Он следил за тем, как она с едва уловимым акцентом формирует итальянские слова, всего лишь самую малость по-другому шевеля языком, что поневоле напомнило ему о том, как он увидел ее впервые. Произошло это на семинаре, состоявшемся на Западном побережье США, на который он оказался приглашен. Его лекция начиналась в 11 утра по вторникам и проходила в просторной аудитории окнами на море, и ее лицо сияло так, что он не мог отвести глаз. Каждое утро дрессированные дельфины играли в море буквально у самого берега.
18
— Арбогаст, к вам посетитель!
Где-то в начале февраля 1966-го ближе к вечеру Арбогаста привели в комнату для свиданий. Его уже давно никто не навещал, а так как и нынешний посетитель не объявил заранее о своем визите, всю дорогу по тюремным коридорам Арбогаст ломал голову над тем, кто бы это мог быть.

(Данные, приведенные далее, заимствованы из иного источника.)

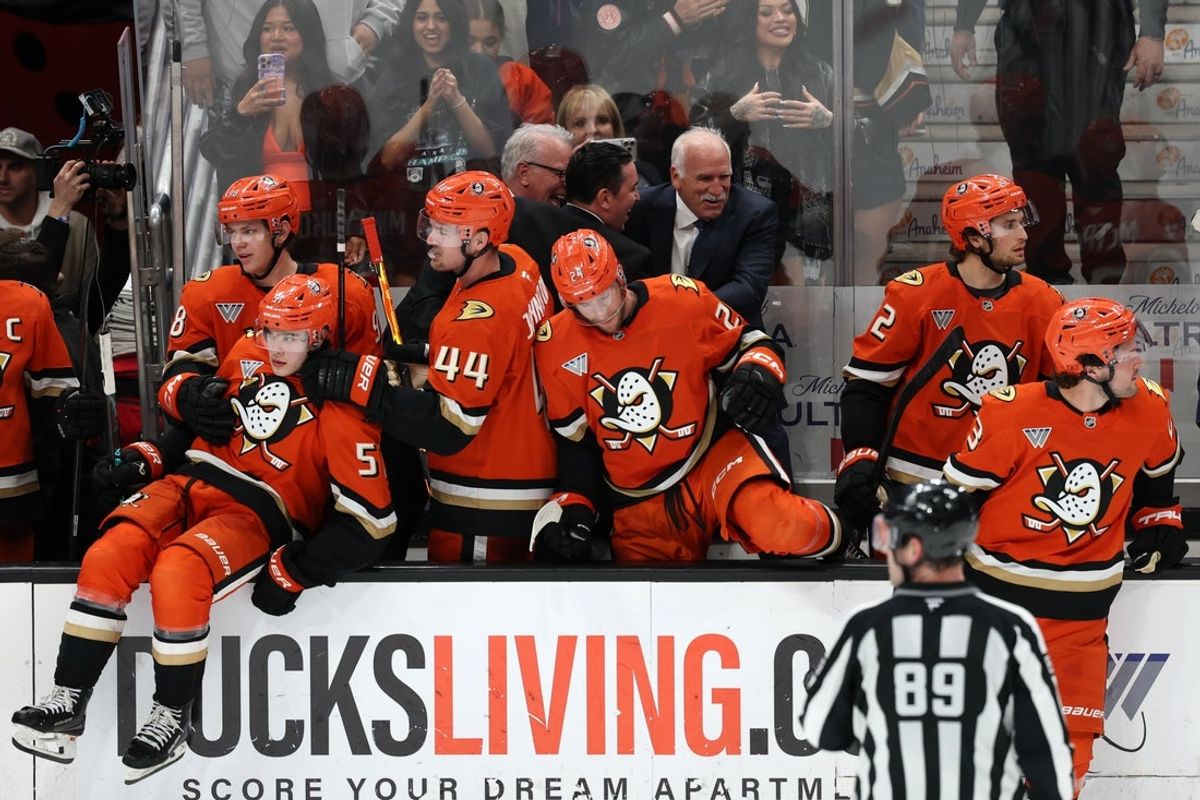 Feb 25, 2026; Anaheim, California, USA;  Anaheim Ducks head coach Joel Quenneville (back row, right) celebrates with his coaching staff after winning his 1,000th career coaching victory with a 6-5 win over the Edmonton Oilers at Honda Center. Mandatory Credit: Kiyoshi Mio-Imagn Images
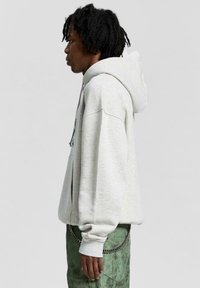 Hoodie oversized grigio chiaro con cappuccio regolabile, polsini a coste e tasca a marsupio, indossato con pantaloni verdi caratterizzati da un dettaglio a catena.
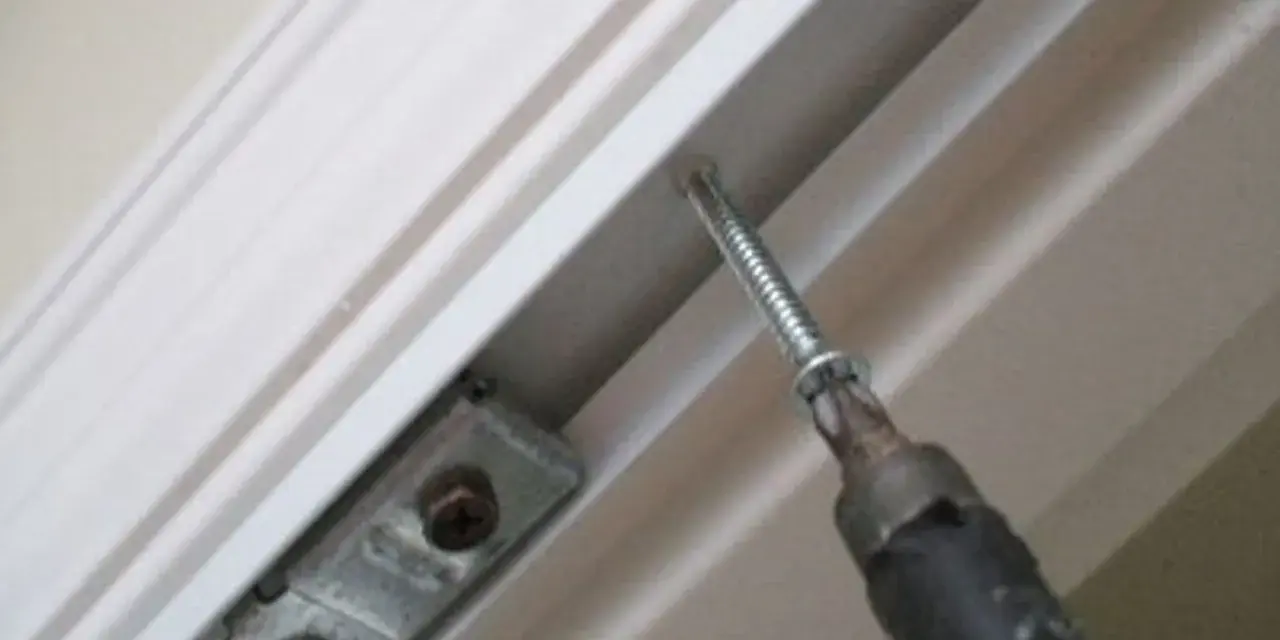 Screwdriver installing a bracket for how to install bifold doors.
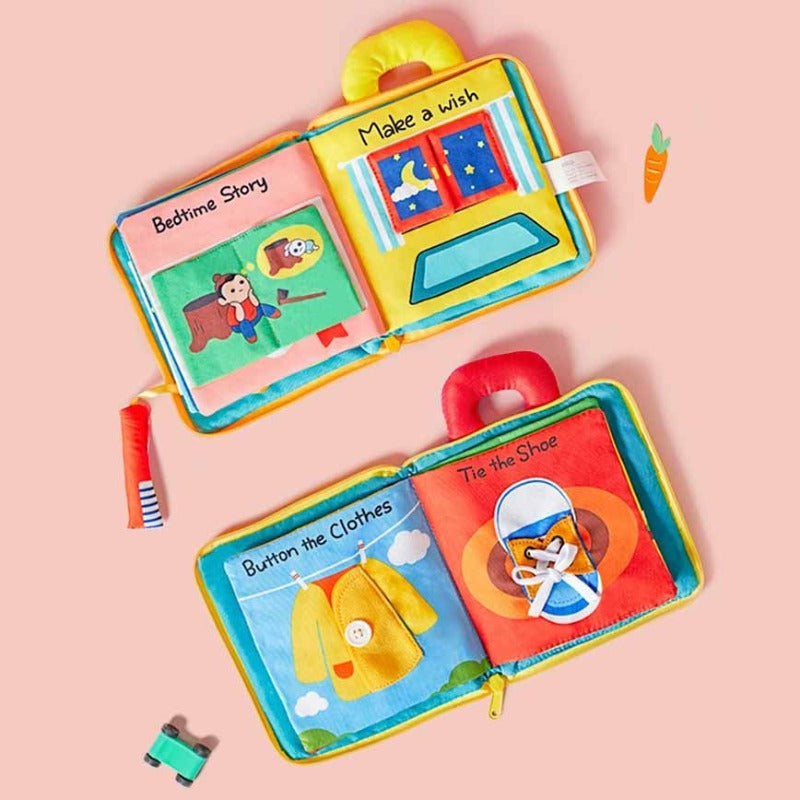 Close-up of an interactive cloth activity book designed for babies, featuring sensory play elements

Нервничал и доктор Клейн. Нервничал всякий раз, впервые встречаясь с новым клиентом, — нервничал, и ничего не мог с этим поделать. Как всегда в таких случаях, он вспоминал о том, как еще подростком отчаянно пытался успокоить своего английского корреспондента в связи с общеполитической ситуацией, внушая ему покой, который сам — в отрыве от реальности — испытывал под отчим кровом. В жестяной банке из-под консервов пронес он эту переписку, прервавшуюся в 1938 году ничего не значащими прощальными формулами, через всю войну. Он вспоминал о письмах, которые меж тем, похоже, уже затерялись. Но то была другая эпоха. Имейся у него дети, он отправил бы их на учебу в Америку, думал он частенько, но детей не было, а последняя из жен съехала от него уже два года назад. Он осторожно обдернул рукава сорочки, выпустив наружу любимые янтарные запонки в золотой оправе. И каждый из янтарей был с жучком.
Как только ввели Арбогаста, адвокат поднялся с места и подал ему руку. Доктор Клейн был хорошего роста и худощав. Волос у него было мало, а те, что остались, он коротко стриг. Улыбка — едва заметная, но обаятельная. Отлично он выглядит, подумал Арбогаст, впервые увидев своего адвоката, и тут же испугался. Только бы у меня не отнялся голос.
— Позвольте представиться. Доктор Ансгар Клейн, адвокат по уголовным делам.
19
Как раз в эти минуты в долине бушевала типичная для этого времени года гроза, озеро уже в полдень почернело, словно глубокой ночью. Фрид Сарразин поторопился в дом и аккуратно закрыл за собой дверь веранды. И в гостиной было так темно, что он поначалу словно ослеп. В доме все было тихо, не считая барабанной дроби дождевых струй по оконным стеклам. Сарразин вытер мокрый лоб и подумал: а где Сью? И тут же увидел ее. Практически рядом с ним, но, можно сказать, затерявшуюся в тяжелых складках расшитой золотом зеленой портьеры. Внезапный раскат грома, многократно усиленный эхом и прокатившийся по всей долине все ближе и ближе, с тем чтобы затеряться где-то по направлению к Лугано, заставил ее еще глубже вжаться в портьеру. Лишь когда грохот смолк, она посмотрела на него.
— В нас не попадет.
Он, как всегда, поспешил ее успокоить.
Она подошла к нему, по-прежнему стараясь не отдаляться от портьеры, и наконец поменяла одно укрытие на другие, уткнувшись ему в плечо. В глубине души он понимал, что ее страх ищет защиты под сенью его мужества, и был польщен этим.
— Ты уже говорил с адвокатом?
— Нет, а что?
— Мне бы хотелось узнать, какого он мнения об Арбогасте.
— Мне кажется, он как раз сегодня к нему отправился. А почему это тебя так интересует?
— Я много думала об этой женщине, об этой Мари.
— Мария. Ее звали Мария Гурт.
— Ты думаешь, он ее убил?
Сарразин погрузился в размышления. Как это ни странно, он до сих пор не формулировал для себя этого вопроса в такой форме.
— Нет, не думаю, — не без колебаний ответил он наконец. Вмешиваясь в дело Арбогаста, он руководствовался не столько убеждением, сколько ощущением.